======== Task inputs
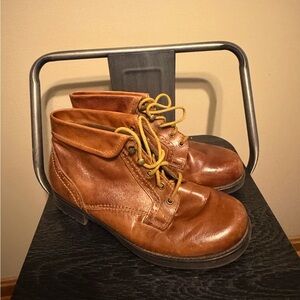 Earth Shoes Brown Leather Lace-Up Ankle Boots Size 7.5 Comfort Walking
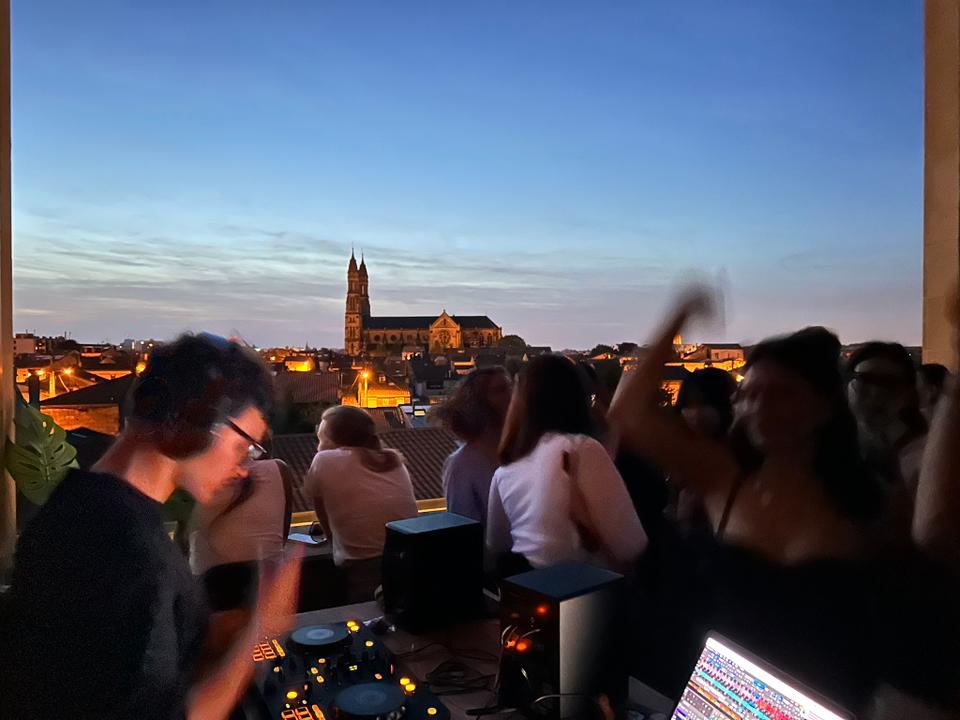 Dj yass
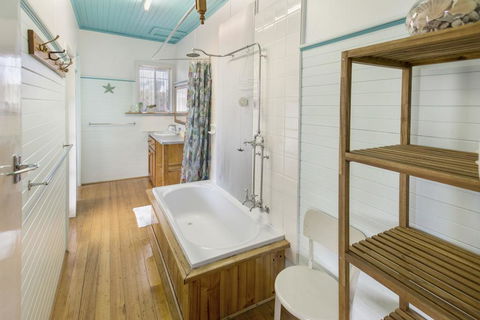 Windsong - Pet Friendly, Wifi And Close To Water - Accommodation Gladstone 2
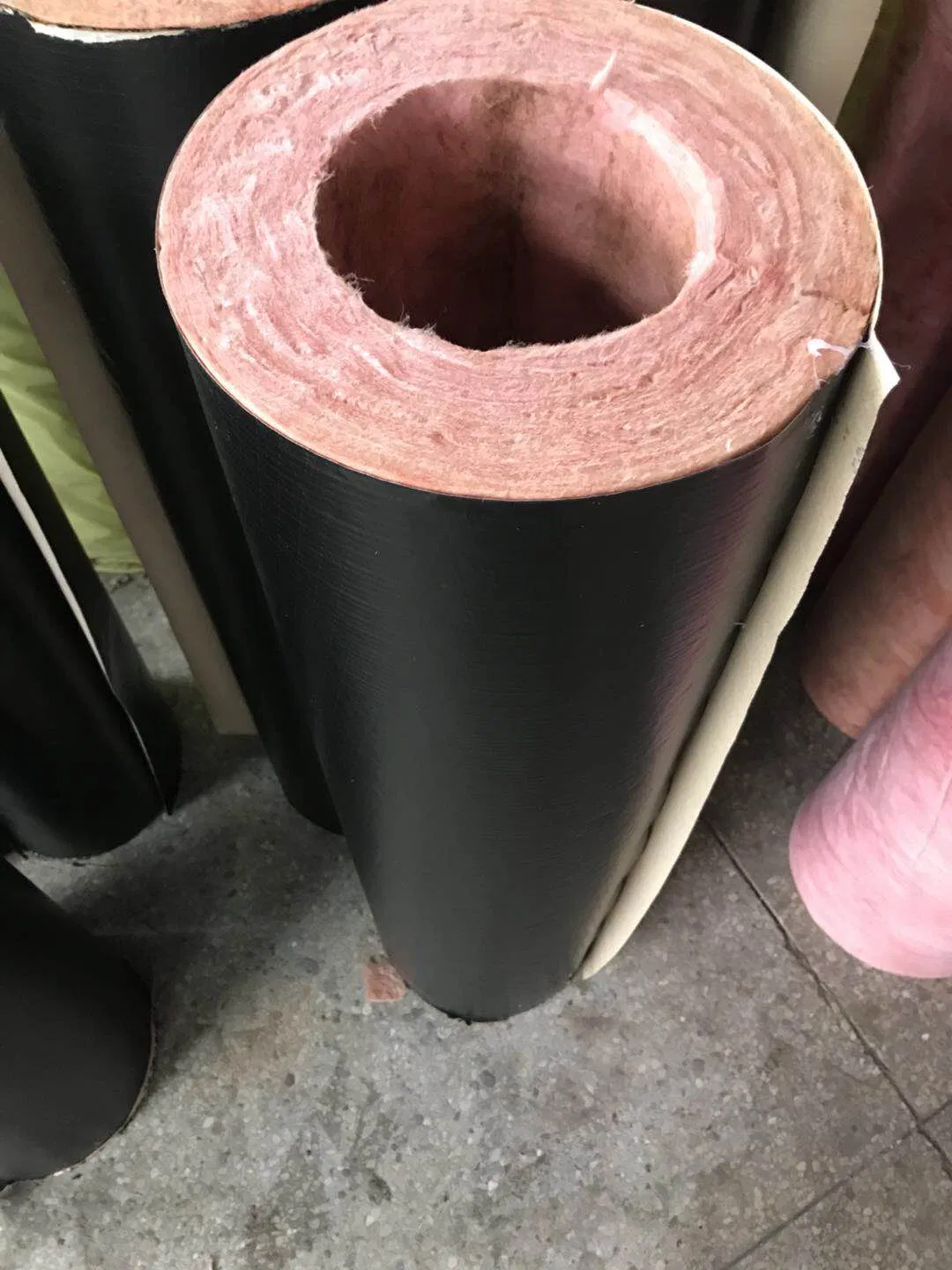 Insulation Materials Glass Wool Pipe Insulation with Foil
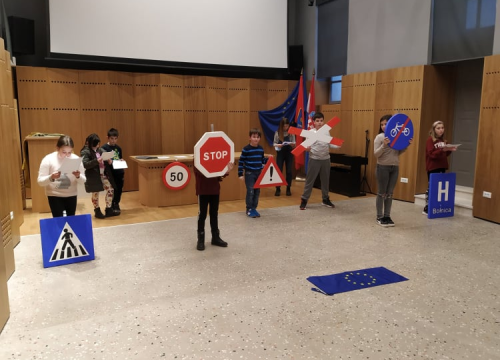 Fotografija 9 - Provjerite raspored Društvenog centra Grada Skradina za travanj!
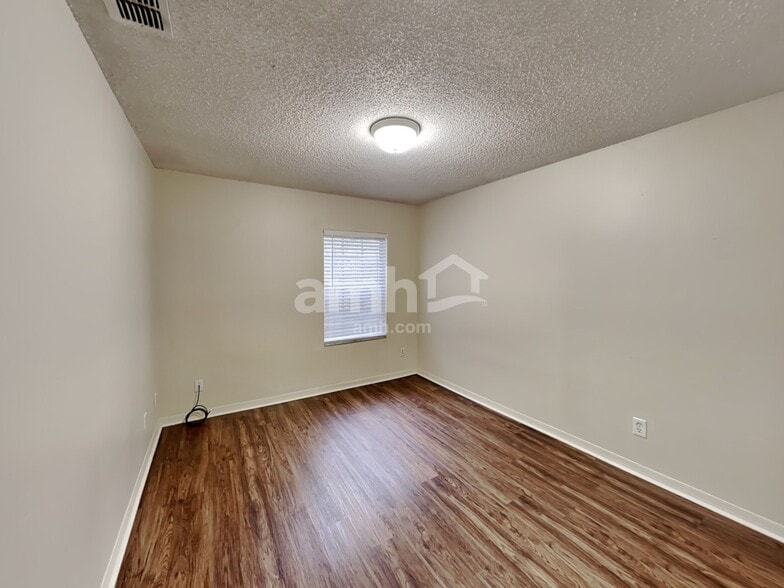 Building Photo - 4417 King Edward Dr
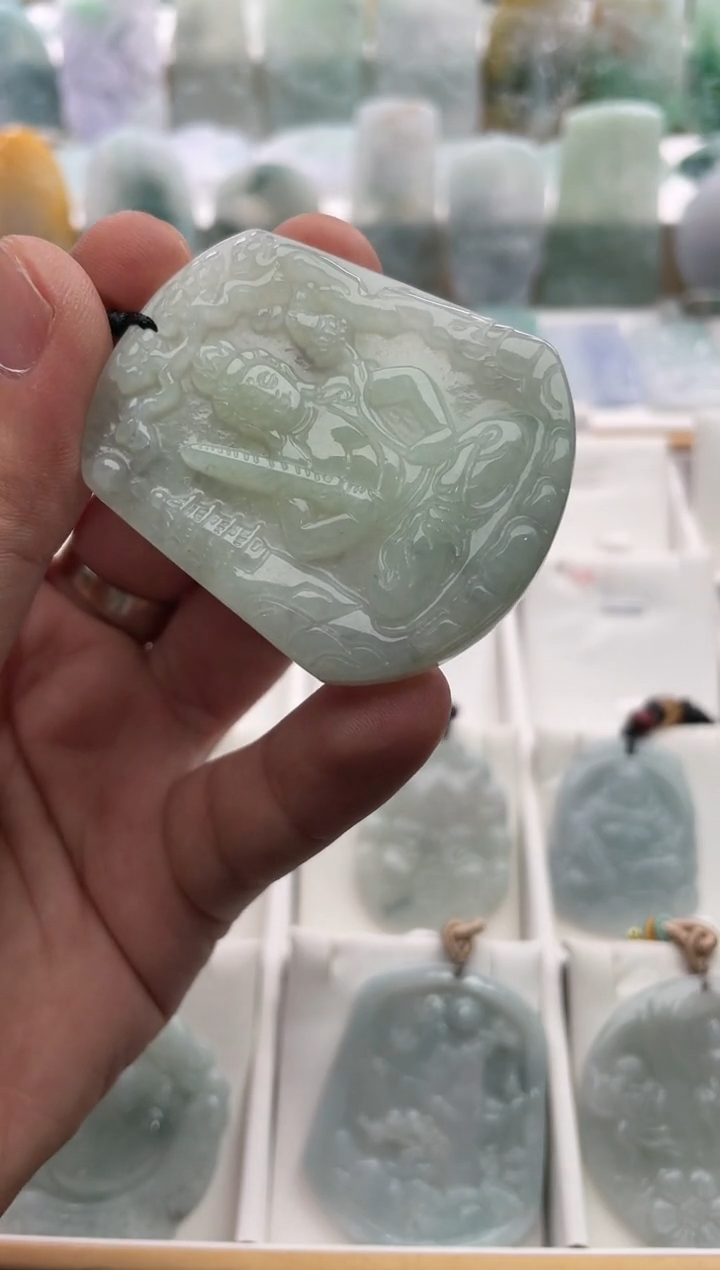 【闪购商品】翡翠颈饰未镶嵌..../2/25/ 56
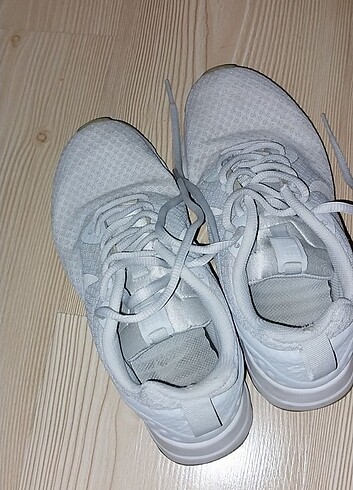37 Beden beyaz Renk Nike spor ayakkabı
================
### Instructions to follow:
Output, exactly and only, the lines beginning with the one that contains "Windsong - Pet" and ending at the last line of the records above. Drop the pictures.

### Task response:
 Windsong - Pet Friendly, Wifi And Close To Water - Accommodation Gladstone 2
 Insulation Materials Glass Wool Pipe Insulation with Foil
 Fotografija 9 - Provjerite raspored Društvenog centra Grada Skradina za travanj!
 Building Photo - 4417 King Edward Dr
 【闪购商品】翡翠颈饰未镶嵌..../2/25/ 56
37 Beden beyaz Renk Nike spor ayakkabı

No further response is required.